→ RECORDS SUPPLIED

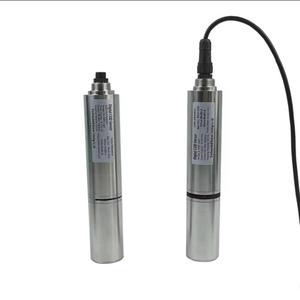 เครื่องวิเคราะห์สำหรับตรวจสอบคุณภาพน้ำ BOD COD เครื่องวิเคราะห์น้ำ RS485 เครื่องมือทดสอบ COD - Product Image 4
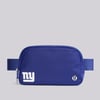 Purses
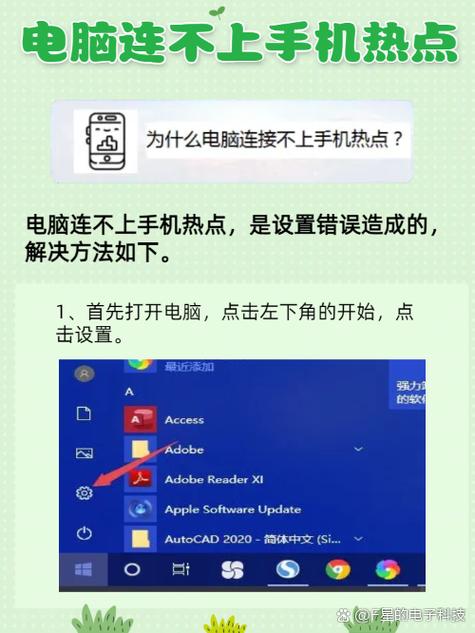电话打不过去怎么回事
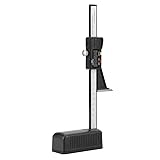 FLEXMAN 0-150mm Digital Height Gauge, Electronic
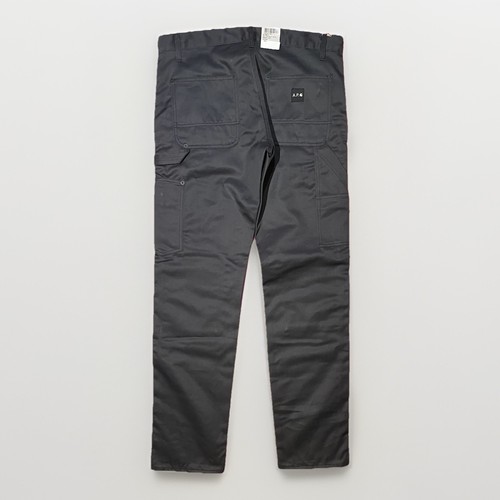 Carhartt wip mission - x,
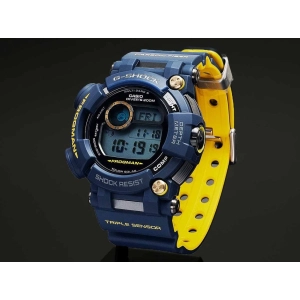 Casio G-Shock GWF-D1000NV-2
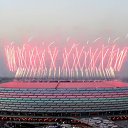 ���� ������,������, ������ - ��������� 13 ���� 2015 � ������ ������ ��������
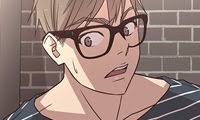 Find out more with myanimelist, the world's most active online anime and manga community and database. Stupid Love Toomics
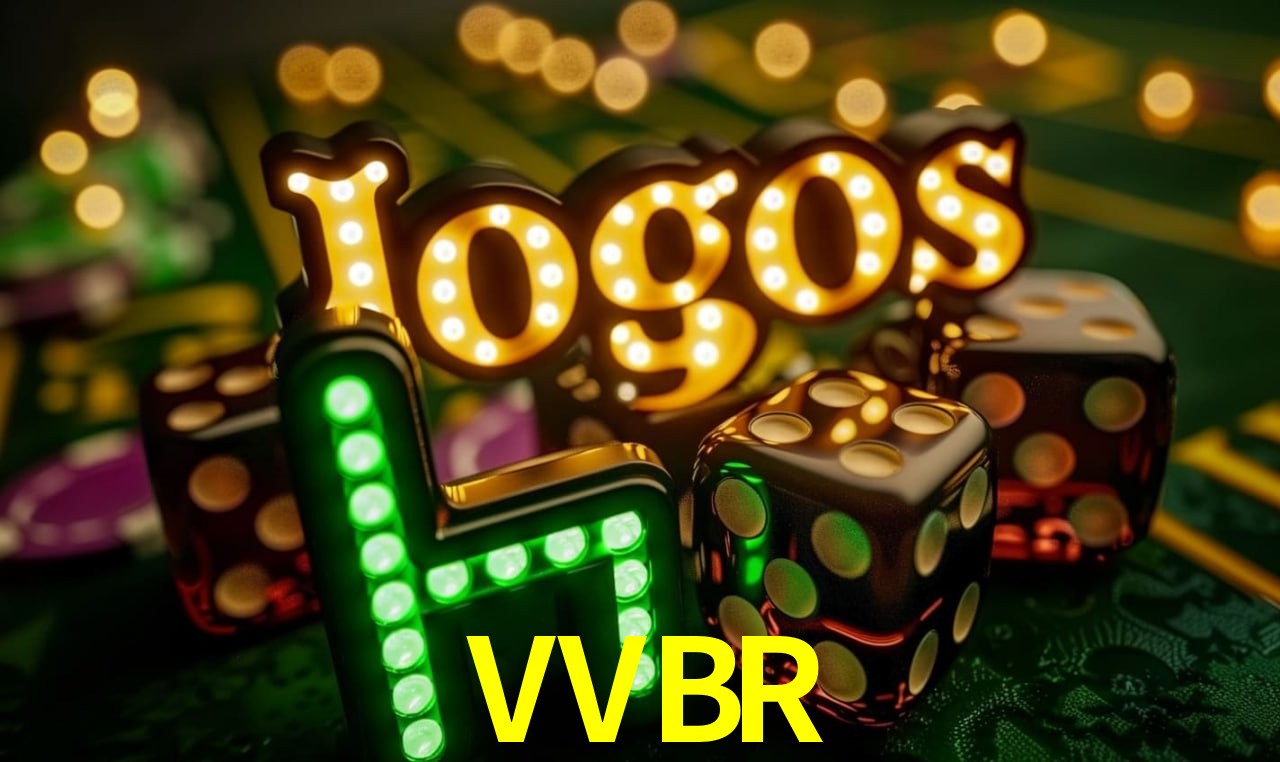 Performance App VVBR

→ EXERCISE GOAL
All of the records above are to be written out exactly, minus their images.

→ OUTPUT OF THE EXERCISE
 เครื่องวิเคราะห์สำหรับตรวจสอบคุณภาพน้ำ BOD COD เครื่องวิเคราะห์น้ำ RS485 เครื่องมือทดสอบ COD - Product Image 4
 Purses
电话打不过去怎么回事
 FLEXMAN 0-150mm Digital Height Gauge, Electronic
 Carhartt wip mission - x,
 Casio G-Shock GWF-D1000NV-2
 ���� ������,������, ������ - ��������� 13 ���� 2015 � ������ ������ ��������
 Find out more with myanimelist, the world's most active online anime and manga community and database. Stupid Love Toomics
 Performance App VVBR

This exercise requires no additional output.